### Your instructions
Scan the entries and state how many lines contain "класс". Write no other text.

### Data shown
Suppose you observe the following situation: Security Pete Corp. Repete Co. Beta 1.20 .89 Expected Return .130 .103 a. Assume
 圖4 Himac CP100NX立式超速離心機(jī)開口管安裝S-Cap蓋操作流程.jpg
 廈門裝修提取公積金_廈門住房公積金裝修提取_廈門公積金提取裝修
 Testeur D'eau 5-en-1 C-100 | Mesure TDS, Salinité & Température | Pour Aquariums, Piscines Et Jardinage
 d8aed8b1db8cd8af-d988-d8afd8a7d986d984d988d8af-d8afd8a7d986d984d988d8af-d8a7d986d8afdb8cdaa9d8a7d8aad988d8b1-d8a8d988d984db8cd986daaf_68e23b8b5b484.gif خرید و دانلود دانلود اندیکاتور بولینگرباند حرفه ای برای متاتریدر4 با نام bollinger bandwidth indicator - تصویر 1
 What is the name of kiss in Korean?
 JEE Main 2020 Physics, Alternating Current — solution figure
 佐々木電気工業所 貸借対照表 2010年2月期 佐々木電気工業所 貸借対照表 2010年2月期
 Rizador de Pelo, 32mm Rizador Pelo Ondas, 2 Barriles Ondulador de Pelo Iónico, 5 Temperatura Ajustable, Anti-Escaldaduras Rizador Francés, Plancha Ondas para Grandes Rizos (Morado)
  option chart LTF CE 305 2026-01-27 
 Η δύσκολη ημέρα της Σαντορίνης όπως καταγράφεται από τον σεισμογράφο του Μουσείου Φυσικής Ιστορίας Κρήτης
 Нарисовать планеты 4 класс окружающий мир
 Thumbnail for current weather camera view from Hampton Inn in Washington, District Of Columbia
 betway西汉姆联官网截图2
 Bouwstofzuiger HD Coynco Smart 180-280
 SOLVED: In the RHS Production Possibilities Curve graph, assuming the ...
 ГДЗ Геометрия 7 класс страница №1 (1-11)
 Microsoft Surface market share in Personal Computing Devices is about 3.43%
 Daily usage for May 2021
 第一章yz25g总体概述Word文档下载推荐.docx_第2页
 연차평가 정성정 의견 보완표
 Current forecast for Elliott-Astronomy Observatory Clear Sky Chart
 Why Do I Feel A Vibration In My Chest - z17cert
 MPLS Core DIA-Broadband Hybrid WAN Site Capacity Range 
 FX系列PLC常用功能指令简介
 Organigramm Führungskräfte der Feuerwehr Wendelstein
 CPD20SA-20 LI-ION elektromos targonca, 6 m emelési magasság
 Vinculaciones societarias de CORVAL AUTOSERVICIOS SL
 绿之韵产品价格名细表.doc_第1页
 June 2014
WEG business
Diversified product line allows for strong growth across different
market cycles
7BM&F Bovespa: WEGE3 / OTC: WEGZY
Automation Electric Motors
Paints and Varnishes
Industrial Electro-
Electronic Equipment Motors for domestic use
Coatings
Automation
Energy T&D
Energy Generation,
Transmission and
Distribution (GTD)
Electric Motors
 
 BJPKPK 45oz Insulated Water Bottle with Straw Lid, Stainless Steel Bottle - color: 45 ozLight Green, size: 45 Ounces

### Written answer
2